Kejari Kabupaten Cirebon Tahan Tersangka Dugaan Korupsi Jalan dan Drainase
adainfo.id – Janji pembangunan infrastruktur di Kabupaten Cirebon yang digadang-gadang akan membuka akses dan mempercepat roda ekonomi masyarakat, justru berubah menjadi mimpi buruk. Proyek peningkatan jalan lingkungan dan pembangunan drainase yang semestinya memberikan manfaat langsung, ternyata hanya berwujud papan nama proyek—tanpa realisasi di lapangan.
Skandal korupsi memalukan ini terungkap berkat penyelidikan intensif dari Kejaksaan Negeri Kabupaten Cirebon. Dalam konferensi pers yang digelar Rabu malam (28/5/2025), Kepala Kejaksaan Negeri Yudhi Kurniawan mengumumkan penahanan tujuh orang tersangka, termasuk satu Aparatur Sipil Negara (ASN) aktif yang masih menjabat di dinas teknis.
Paket Proyek Fiktif: Di Atas Kertas Rp3,5 Miliar, Di Lapangan Nyaris Nol
Dua paket proyek yang menjadi sorotan utama berasal dari dana Bantuan Keuangan Khusus (BKK) Tahun Anggaran 2024. Proyek pertama berada di Kecamatan Lemahabang dengan nilai kontrak Rp1,88 miliar. Dari audit teknis, hanya 27,51% pekerjaan yang dilaksanakan. Sedangkan proyek kedua di Kecamatan Losari bernilai Rp1,65 miliar, namun realisasi fisik tercatat hanya 9,43%.
“Angka ini mencerminkan kebohongan sistematis. Total kerugian negara mencapai lebih dari Rp2,6 miliar,” ungkap Yudhi Kurniawan dengan nada tegas.
Tujuh Tersangka Diamankan: Dari ASN hingga “Direktur Bayangan”
Dalam pengusutan kasus ini, Kejaksaan menahan tujuh tersangka. Satu di antaranya adalah ASN aktif berinisial AP yang menjabat sebagai Kepala Dinas Perumahan, Kawasan Permukiman dan Pertanahan (DPKKP) sekaligus Pejabat Pembuat Komitmen (PPK).
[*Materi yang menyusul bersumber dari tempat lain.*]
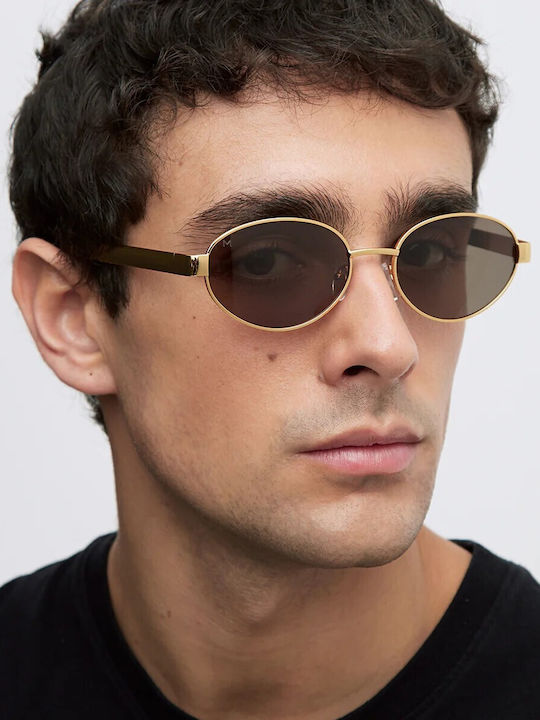 Meller Karam Unisex Sunglasses With Gold Metallic Frame And Polarized Lens KAR-GOLDKAKAO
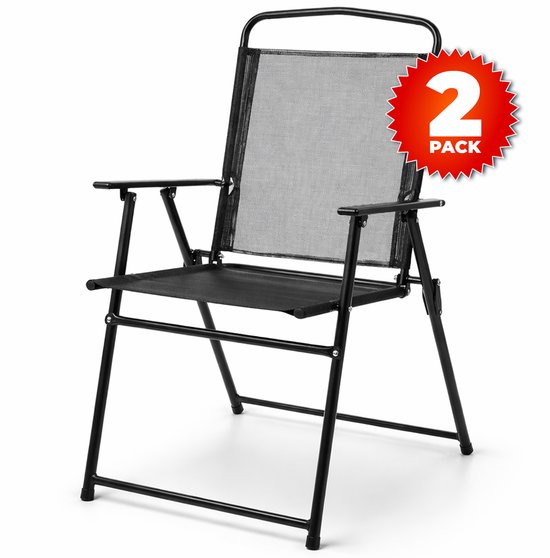Happy Holidayz Opvouwbare Tuinstoelen - 2 Stuks - Zwart - 65x53x90cm - Tuinstoel Inklapbaar - Inklapbare Strandstoel - Set van 2 - Staal - Tuin of Balkon of Strand - Weerbestendig - Vouwstoel voor op Terras/Camping van Merkloos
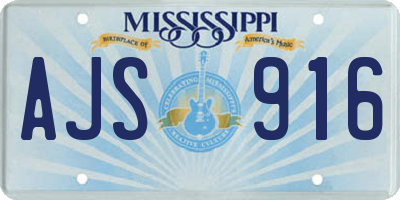 MS license plate AJS916
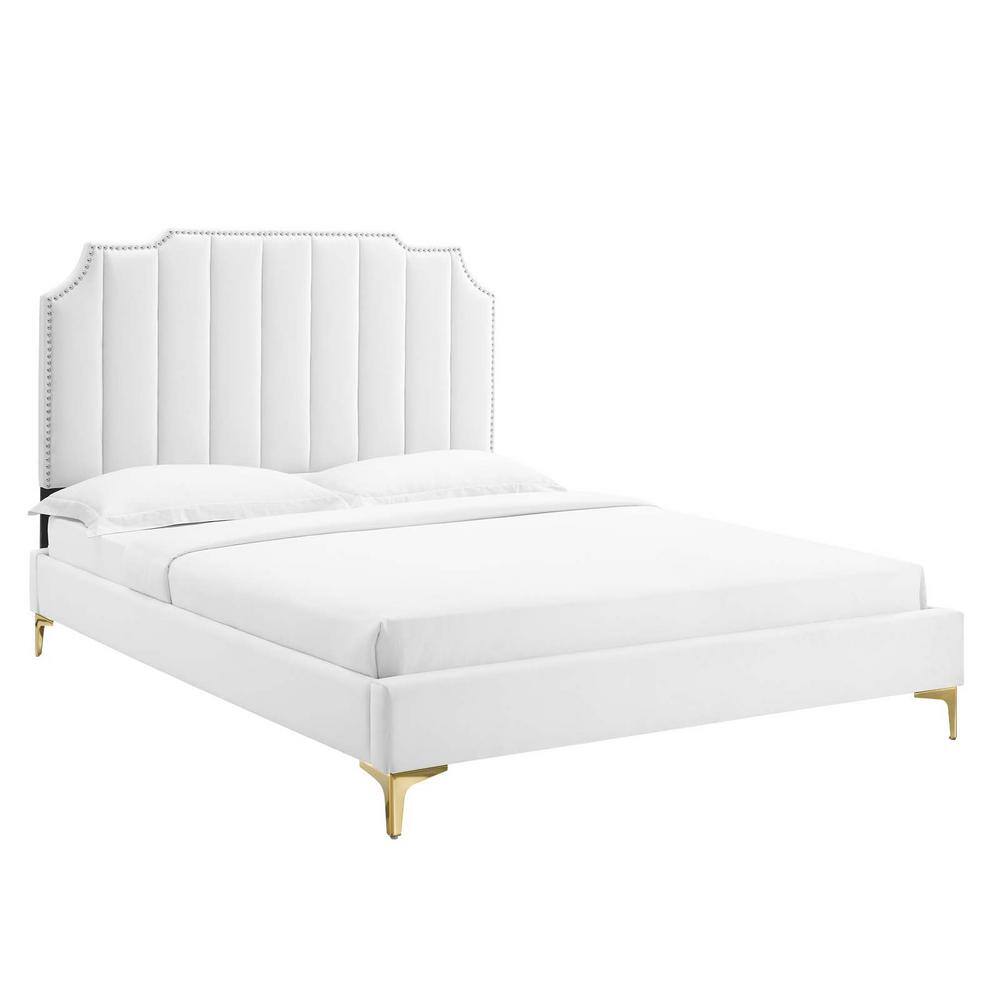 MODWAY Colette White Performance Velvet Frame Full Platform Bed MOD ...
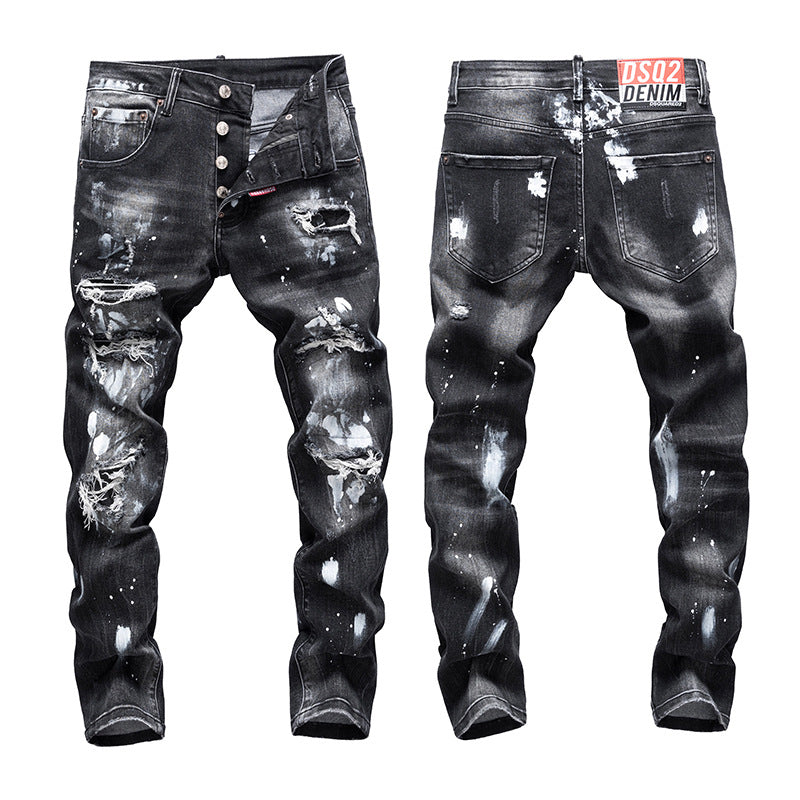 Dsquared2 Black Distressed Paint Splatter Jeans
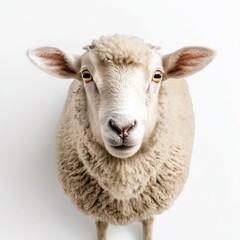 Obraz premium A sheep gazes directly at the camera, showcasing its woolly coat and curious expression in a natural setting.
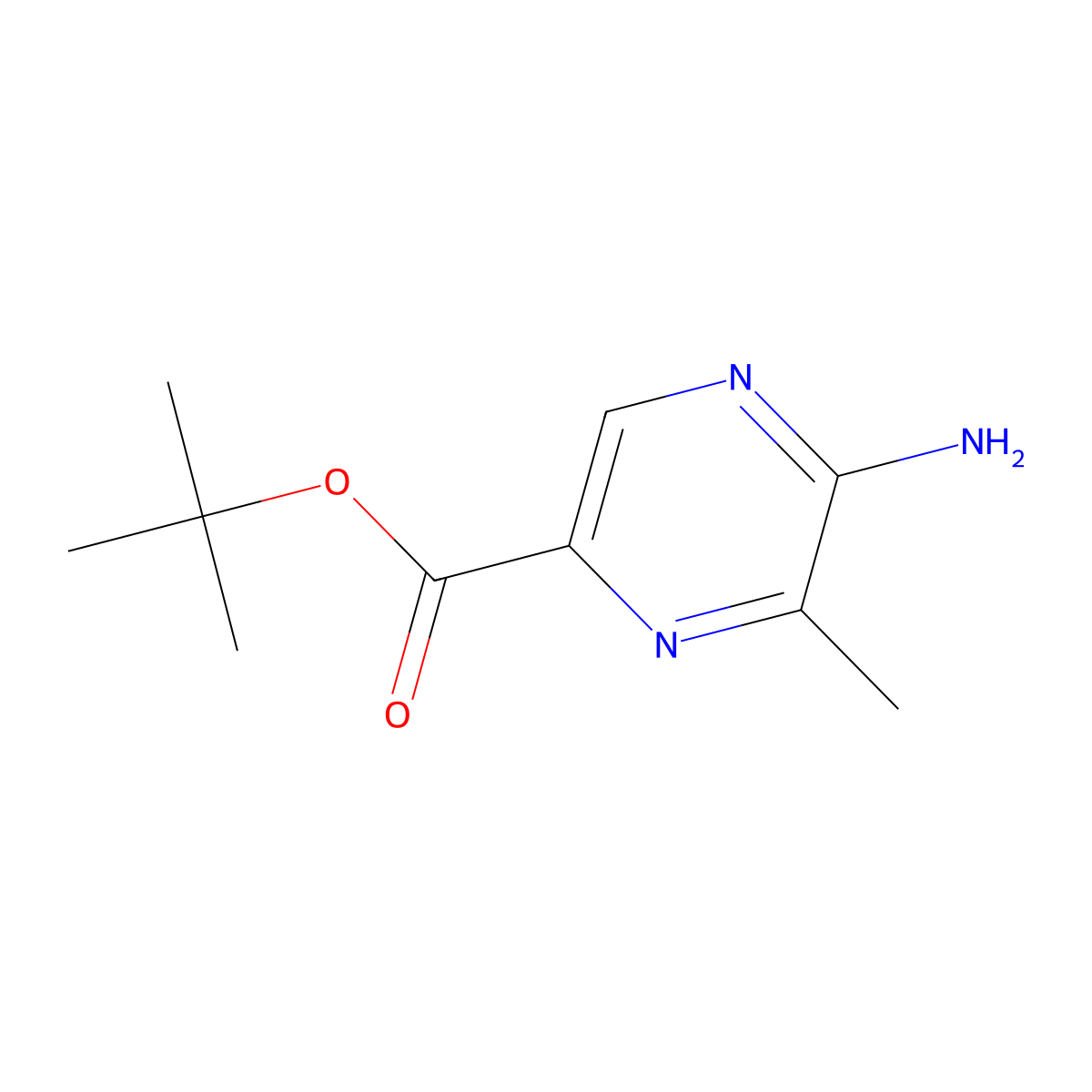 tert-Butyl 5-amino-6-methylpyrazine-2-carboxylate molecular structure, CAS 2580206-29-5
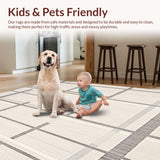 Modern Grid Runner for Kitchen Non Skid Hallway(Beige)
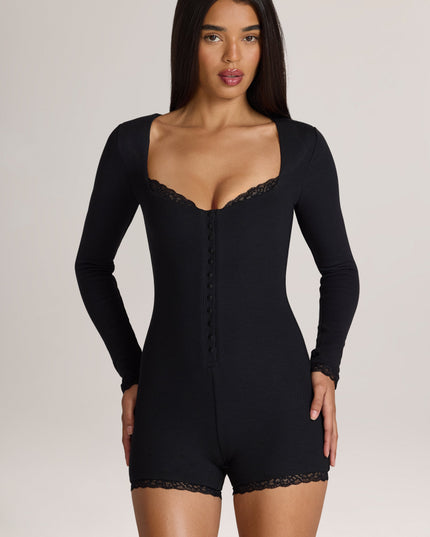 Black Ribbed Modal Lace-Trim Romper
Ia dianggap memiliki peran sentral dalam meloloskan pencairan anggaran tanpa dasar pekerjaan nyata.
Enam tersangka lainnya berasal dari pihak swasta, yaitu; DT sebagai pengendali pekerjaan, RWS sebagai pengendali pengawasan, OK sebagai Direktur CV. Mulya Jati, C sebagai Peminjam bendera CV. Mulya Jati, LM sebagai Direktur CV. Wika Abadi Raya, serta T sebagai Peminjam bendera CV. Wika Abadi Raya
Modus tersangka adalah meminjam perusahaan sebagai kedok untuk memenangi proyek. Direktur legal hanya formalitas, sementara pengendali lapangan dan pelaksana justru tak memiliki kompetensi teknis.
Lebih mengerikan, pengawasan proyek yang seharusnya menjadi tameng pelindung masyarakat dari potensi penyalahgunaan anggaran, justru menjadi bagian dari jaringan korupsi. RWS dan DT diketahui menyusun laporan pengawasan fiktif guna memperlancar pencairan.
“Laporan pengawasan yang disusun justru menjadi alat legitimasi pencairan anggaran, padahal di lapangan tak ada pekerjaan yang berjalan,” ujar Yudhi.
Ancaman Hukuman dan Perburuan Aset
Ketujuh tersangka dijerat dengan Pasal 2 dan 3 UU Nomor 31 Tahun 1999 tentang Pemberantasan Tindak Pidana Korupsi, sebagaimana diubah dalam UU Nomor 20 Tahun 2001. Ancaman hukuman maksimalnya adalah 20 tahun penjara, ditambah denda serta pengembalian kerugian negara.
Penyidik Kejari juga menegaskan sedang menelusuri aset milik para tersangka. “Mobil, tanah, hingga rekening bank milik para pelaku akan kami telusuri. Jika terbukti berasal dari hasil kejahatan, semua akan disita demi pemulihan kerugian negara,” tegas Yudhi.